> GIVEN RECORDS:
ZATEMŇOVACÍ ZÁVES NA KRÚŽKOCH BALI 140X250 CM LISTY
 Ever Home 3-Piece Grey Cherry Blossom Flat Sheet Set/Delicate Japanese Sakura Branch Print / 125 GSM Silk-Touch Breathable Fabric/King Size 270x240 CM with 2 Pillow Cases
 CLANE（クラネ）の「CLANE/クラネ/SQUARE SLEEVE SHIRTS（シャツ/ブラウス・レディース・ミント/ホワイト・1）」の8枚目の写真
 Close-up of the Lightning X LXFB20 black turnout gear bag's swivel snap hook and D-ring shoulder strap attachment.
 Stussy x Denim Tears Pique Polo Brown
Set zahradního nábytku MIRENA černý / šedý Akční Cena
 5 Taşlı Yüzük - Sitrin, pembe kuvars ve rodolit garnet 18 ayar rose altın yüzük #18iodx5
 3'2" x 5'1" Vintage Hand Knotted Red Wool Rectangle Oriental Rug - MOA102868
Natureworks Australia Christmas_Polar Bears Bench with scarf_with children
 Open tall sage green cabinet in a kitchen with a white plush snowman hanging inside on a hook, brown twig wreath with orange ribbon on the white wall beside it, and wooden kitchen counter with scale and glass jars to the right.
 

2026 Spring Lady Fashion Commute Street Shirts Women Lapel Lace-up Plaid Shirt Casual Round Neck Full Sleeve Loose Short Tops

> ACTIVITY:
Reproduce the full listing exactly.

> TASK SOLUTION:
ZATEMŇOVACÍ ZÁVES NA KRÚŽKOCH BALI 140X250 CM LISTY
 Ever Home 3-Piece Grey Cherry Blossom Flat Sheet Set/Delicate Japanese Sakura Branch Print / 125 GSM Silk-Touch Breathable Fabric/King Size 270x240 CM with 2 Pillow Cases
 CLANE（クラネ）の「CLANE/クラネ/SQUARE SLEEVE SHIRTS（シャツ/ブラウス・レディース・ミント/ホワイト・1）」の8枚目の写真
 Close-up of the Lightning X LXFB20 black turnout gear bag's swivel snap hook and D-ring shoulder strap attachment.
 Stussy x Denim Tears Pique Polo Brown
Set zahradního nábytku MIRENA černý / šedý Akční Cena
 5 Taşlı Yüzük - Sitrin, pembe kuvars ve rodolit garnet 18 ayar rose altın yüzük #18iodx5
 3'2" x 5'1" Vintage Hand Knotted Red Wool Rectangle Oriental Rug - MOA102868
Natureworks Australia Christmas_Polar Bears Bench with scarf_with children
 Open tall sage green cabinet in a kitchen with a white plush snowman hanging inside on a hook, brown twig wreath with orange ribbon on the white wall beside it, and wooden kitchen counter with scale and glass jars to the right.
 

2026 Spring Lady Fashion Commute Street Shirts Women Lapel Lace-up Plaid Shirt Casual Round Neck Full Sleeve Loose Short Tops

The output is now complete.